#### [Your assignment]
Write out exactly the lines of the entries below from the one holding "Apartmán Casa Mare Janov Exteriér fotografie" to the one holding "PVC Coated Chain", inclusive, and leave out all other lines.
==== Exercise material
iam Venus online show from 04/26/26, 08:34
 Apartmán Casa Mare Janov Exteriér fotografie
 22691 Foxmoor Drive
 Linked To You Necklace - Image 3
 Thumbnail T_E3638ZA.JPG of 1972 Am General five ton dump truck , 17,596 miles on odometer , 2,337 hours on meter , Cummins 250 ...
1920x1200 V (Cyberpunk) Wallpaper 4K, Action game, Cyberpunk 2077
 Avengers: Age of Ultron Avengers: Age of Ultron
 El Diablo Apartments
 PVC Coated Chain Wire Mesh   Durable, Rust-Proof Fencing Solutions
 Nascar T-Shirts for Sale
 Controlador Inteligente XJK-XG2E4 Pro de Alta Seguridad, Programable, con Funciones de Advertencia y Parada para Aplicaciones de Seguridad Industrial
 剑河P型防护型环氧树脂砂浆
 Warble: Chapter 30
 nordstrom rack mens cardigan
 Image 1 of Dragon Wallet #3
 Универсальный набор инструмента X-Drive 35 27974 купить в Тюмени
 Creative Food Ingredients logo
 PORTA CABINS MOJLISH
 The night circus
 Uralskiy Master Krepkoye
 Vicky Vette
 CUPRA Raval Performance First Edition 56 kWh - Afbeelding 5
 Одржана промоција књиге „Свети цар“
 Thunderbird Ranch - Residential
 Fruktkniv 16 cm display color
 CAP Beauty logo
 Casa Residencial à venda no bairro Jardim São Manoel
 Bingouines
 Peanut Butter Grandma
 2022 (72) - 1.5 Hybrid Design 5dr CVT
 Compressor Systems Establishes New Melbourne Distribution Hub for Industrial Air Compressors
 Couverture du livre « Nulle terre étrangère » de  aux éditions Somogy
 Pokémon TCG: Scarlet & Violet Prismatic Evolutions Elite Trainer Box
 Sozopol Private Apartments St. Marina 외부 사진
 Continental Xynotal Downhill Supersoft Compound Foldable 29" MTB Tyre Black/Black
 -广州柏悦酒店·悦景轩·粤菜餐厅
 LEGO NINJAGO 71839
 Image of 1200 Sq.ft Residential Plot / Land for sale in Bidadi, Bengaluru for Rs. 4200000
========
#### [Response]
 Apartmán Casa Mare Janov Exteriér fotografie
 22691 Foxmoor Drive
 Linked To You Necklace - Image 3
 Thumbnail T_E3638ZA.JPG of 1972 Am General five ton dump truck , 17,596 miles on odometer , 2,337 hours on meter , Cummins 250 ...
1920x1200 V (Cyberpunk) Wallpaper 4K, Action game, Cyberpunk 2077
 Avengers: Age of Ultron Avengers: Age of Ultron
 El Diablo Apartments
 PVC Coated Chain Wire Mesh   Durable, Rust-Proof Fencing Solutions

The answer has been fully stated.